This is exactly my point... in addition to the loyalty example for friendship and ultimatums... people forget that this is a business relationship, not a buddy.

It costs Dish more to get new customers than to retain existing ones... BUT customers who try to strongarm good deals are not worth keeping. Why? Because if you strongarm them and they give in now... then you'll do it again in 6-12 months.. and you'll keep doing it. Dish knows this, and once you start down the "give me something or I'll leave" path, they say "bye".

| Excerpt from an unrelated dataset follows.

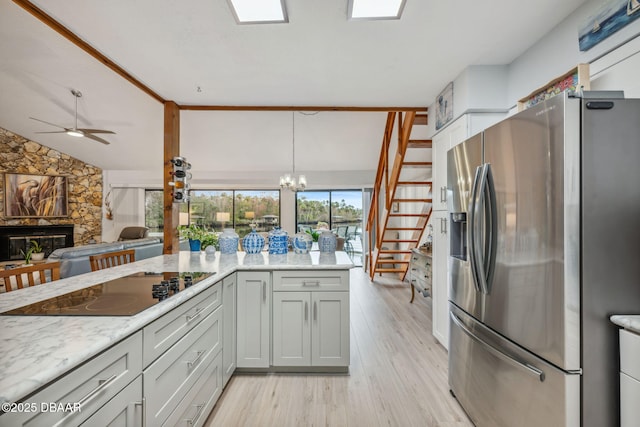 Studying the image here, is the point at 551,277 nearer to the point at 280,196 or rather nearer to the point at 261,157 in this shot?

Ultimately this kind of customer will turn right around and try to strongarm DirecTV or his cable company in similar fashion... and when they don't give in, then he'll come back to Dish one day. Nomad customers like this aren't worth spending any money trying to keep because they will cost you increasingly more each year to keep... and if you spend nothing on them they will come back to you eventually anyway.


----------



## jclewter79 (Jan 8, 2008)

You are correct to a point. On the other, hand if you were 100% percent correct I don't see that E* would need a retintion deparment at all. I don't want to be buddies with them, I only want to be cosidered as valueble to them as a new customer. To me the message that E* is sending the prosective new customer is: "Yes you are right, we don't have all the HD programming that D* offers but, we will give you a nice new HD DVR for free." On the other hand, what they are telling their longtime customers that want to upgrade to HD service is: "No, we don't have all the HD channels that D* does but if you want to hang around and wait and see if we get the one you want and, they already have, it will just cost you the 26 dollars more than they want charge you to set you up with everything you need." Where is the logic in that? The reason that they charge those upgrade prices is because some will pay it. Then again some won't. In my personal case I have never had D* or cable. Went straight from the OTA to E* and they are only pay TV service I have ever had. They should put some value to that.


----------



## jclewter79 (Jan 8, 2008)

And I can't even begin to understand why they offer a NEW customer the chance to sign up without a 24 month contract simply by paying the 49 dollar activation and waiving the free programming. In my mind this is the most unfair thing of all. They DO NOT even offer an exsisting customer a HD upgrade without a contract unless you pay full price for the receiver, which you can't even buy from them. That is just plain not right.


----------



## Islandguy43 (Oct 2, 2007)

jclewter79 said:


> Apparently dish must be adding something to add value to the hd lineup. HD upgrades for exsisting customers to the 722 are now 125 dollars with no rebate, no free HD and, a 24 month contract.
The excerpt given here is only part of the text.